■ DATA EXTRACTS ■
■ ■ ■ ■
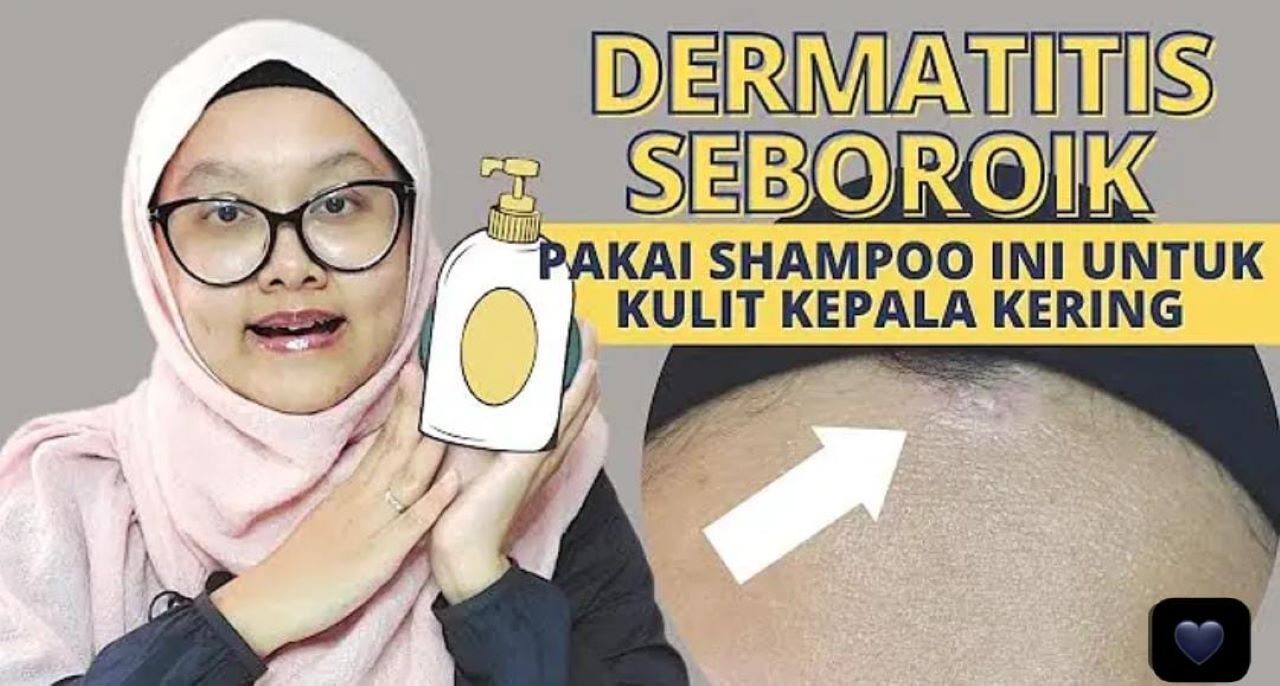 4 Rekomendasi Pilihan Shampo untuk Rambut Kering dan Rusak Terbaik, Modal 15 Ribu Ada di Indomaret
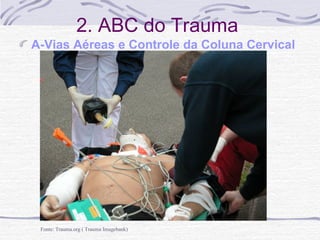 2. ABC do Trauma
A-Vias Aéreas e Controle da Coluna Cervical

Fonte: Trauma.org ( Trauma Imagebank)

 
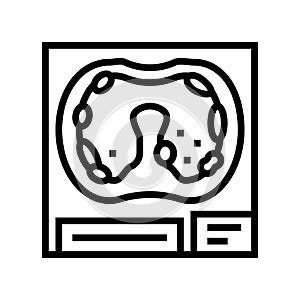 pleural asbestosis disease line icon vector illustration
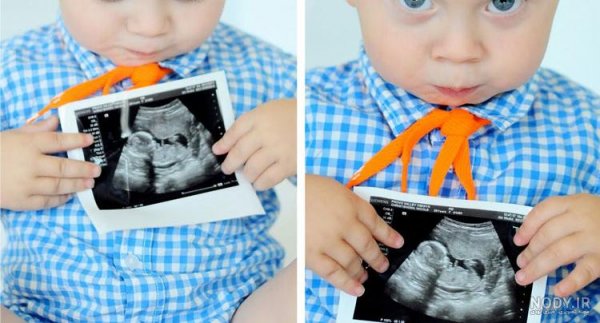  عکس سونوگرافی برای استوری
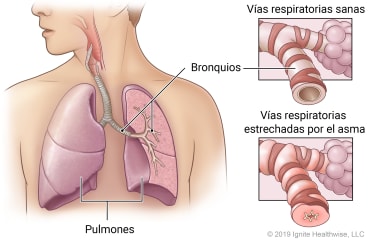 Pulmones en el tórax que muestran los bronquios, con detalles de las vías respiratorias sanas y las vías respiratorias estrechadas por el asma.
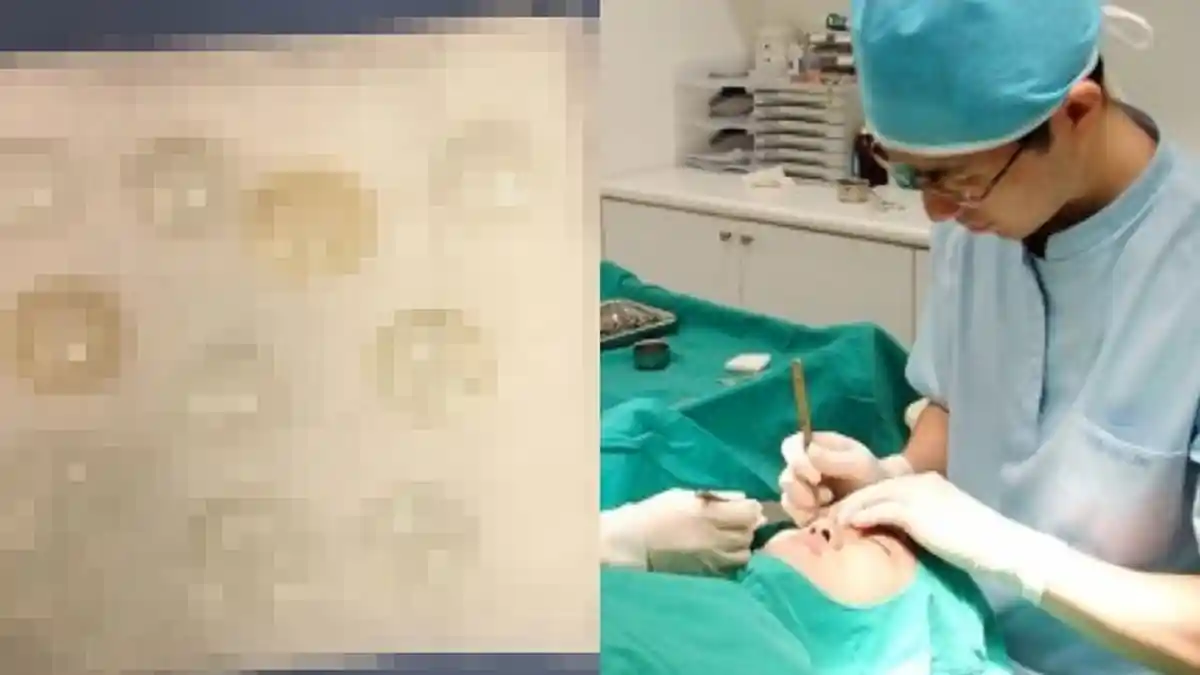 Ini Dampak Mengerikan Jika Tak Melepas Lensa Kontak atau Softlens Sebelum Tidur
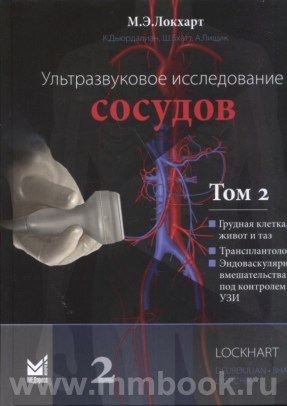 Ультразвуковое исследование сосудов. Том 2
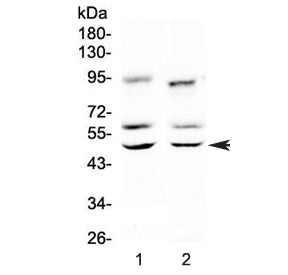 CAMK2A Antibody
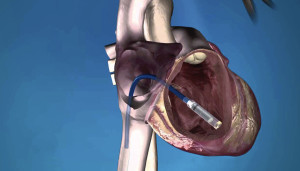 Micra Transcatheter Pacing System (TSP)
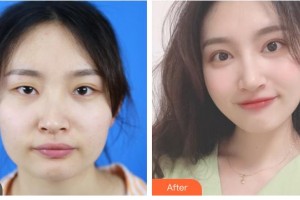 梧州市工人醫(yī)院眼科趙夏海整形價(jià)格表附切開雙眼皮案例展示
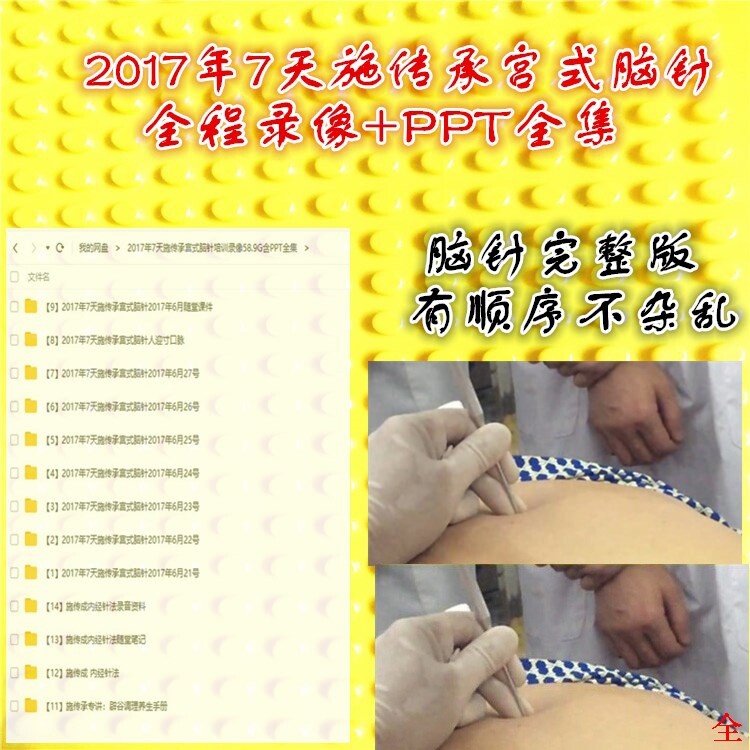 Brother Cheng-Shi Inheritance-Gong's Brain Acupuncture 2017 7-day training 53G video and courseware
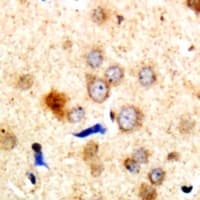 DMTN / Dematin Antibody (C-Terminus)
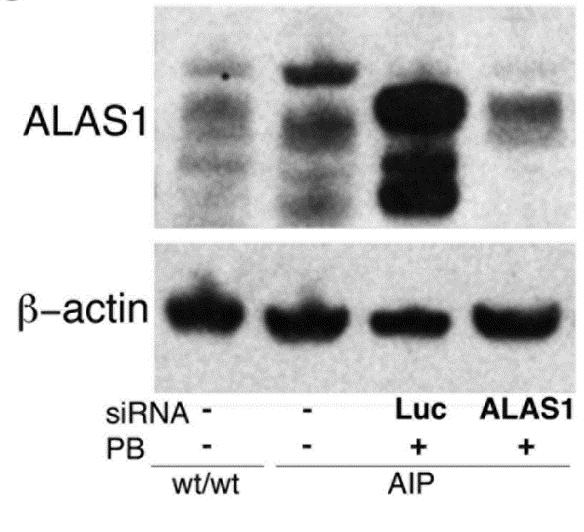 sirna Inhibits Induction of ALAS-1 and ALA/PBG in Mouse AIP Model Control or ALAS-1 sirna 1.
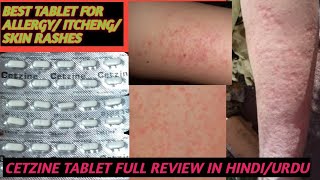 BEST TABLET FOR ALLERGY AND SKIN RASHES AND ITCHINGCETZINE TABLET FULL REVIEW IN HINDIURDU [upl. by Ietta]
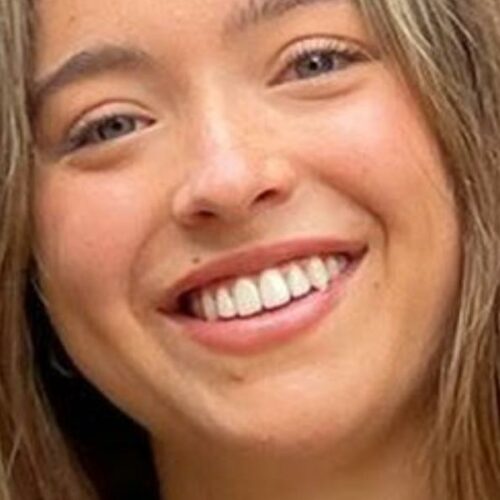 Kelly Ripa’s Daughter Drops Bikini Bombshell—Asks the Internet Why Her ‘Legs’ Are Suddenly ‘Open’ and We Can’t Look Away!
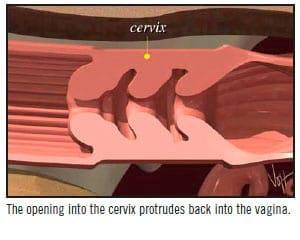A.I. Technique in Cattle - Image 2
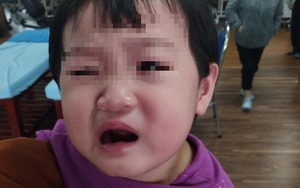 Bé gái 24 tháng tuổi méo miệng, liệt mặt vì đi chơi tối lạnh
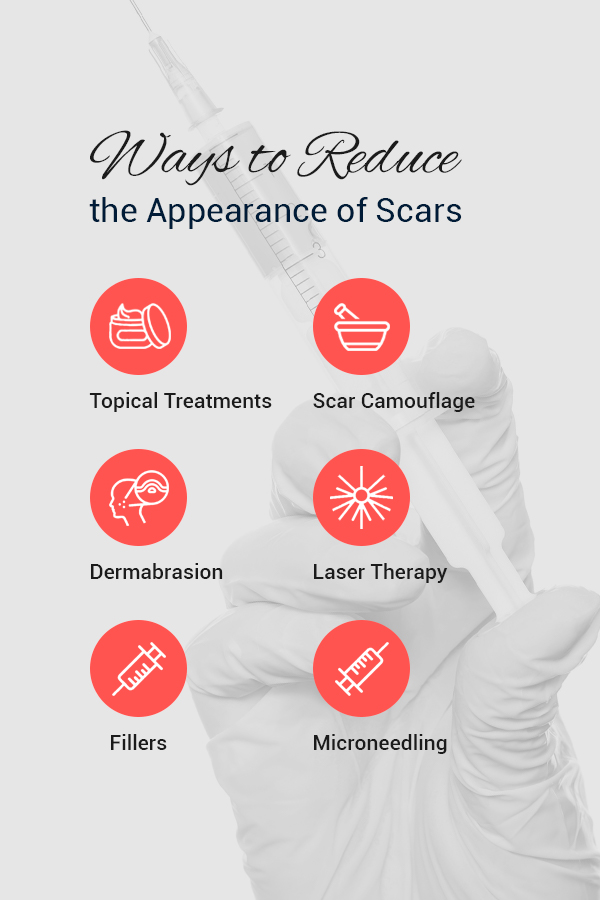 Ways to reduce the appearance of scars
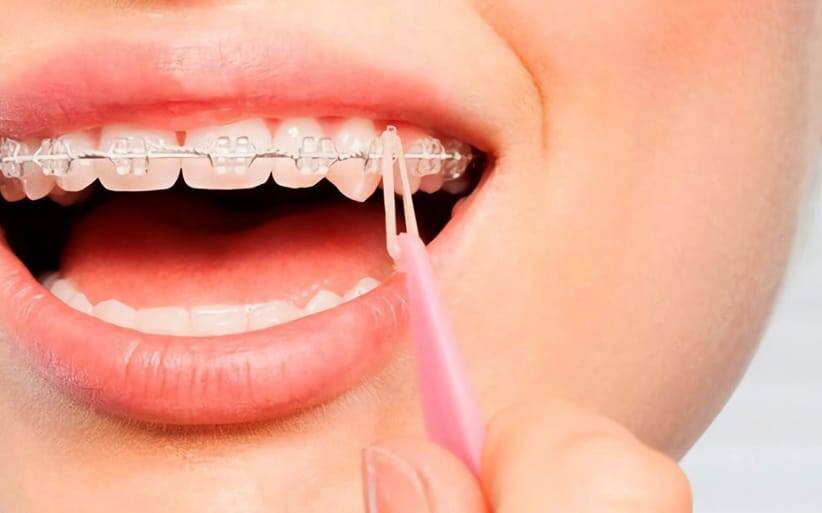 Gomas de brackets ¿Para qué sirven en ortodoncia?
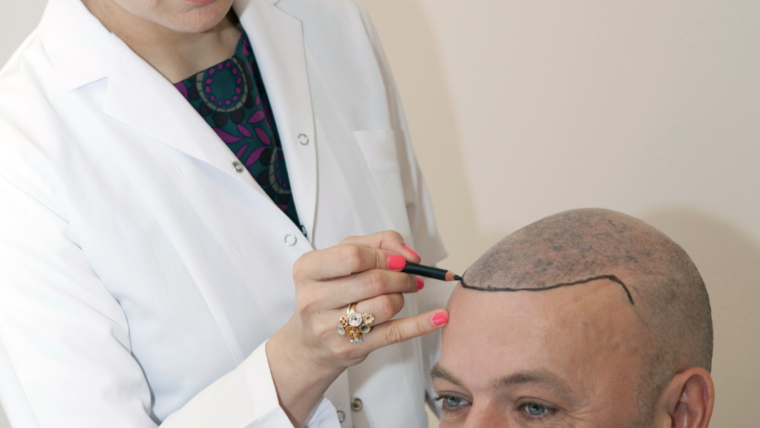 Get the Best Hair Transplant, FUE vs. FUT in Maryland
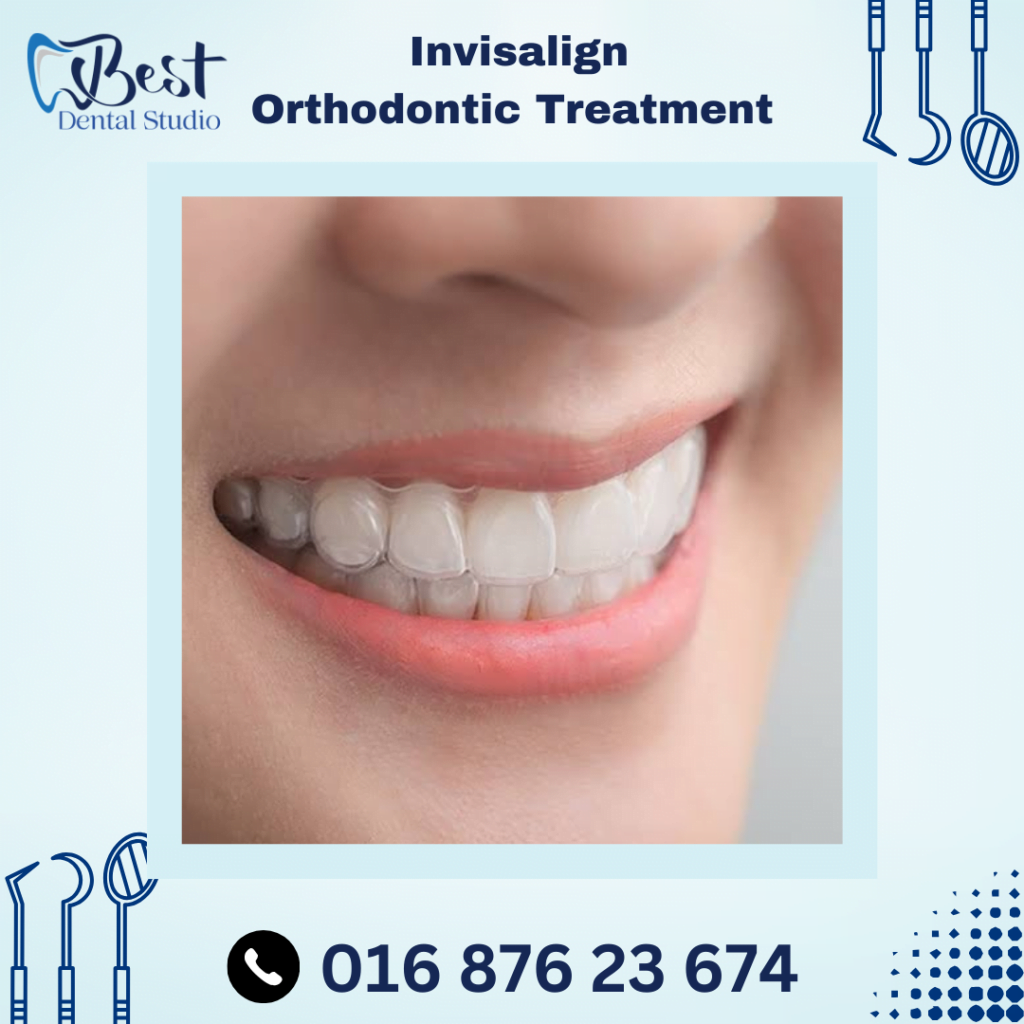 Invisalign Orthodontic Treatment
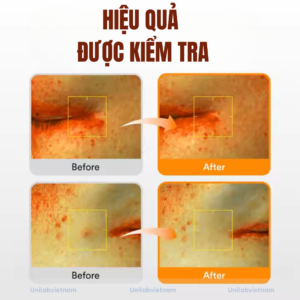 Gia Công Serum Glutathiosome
■ ■ ■ ■
■ PROBLEM DETAILS ■
Beginning with the line that contains "Invisalign Orthodontic Treatment" and ending with the last line of the data, restate each line word for word. Exclude the pictures.

■ WRITTEN RESPONSE ■
 Invisalign Orthodontic Treatment
 Gia Công Serum Glutathiosome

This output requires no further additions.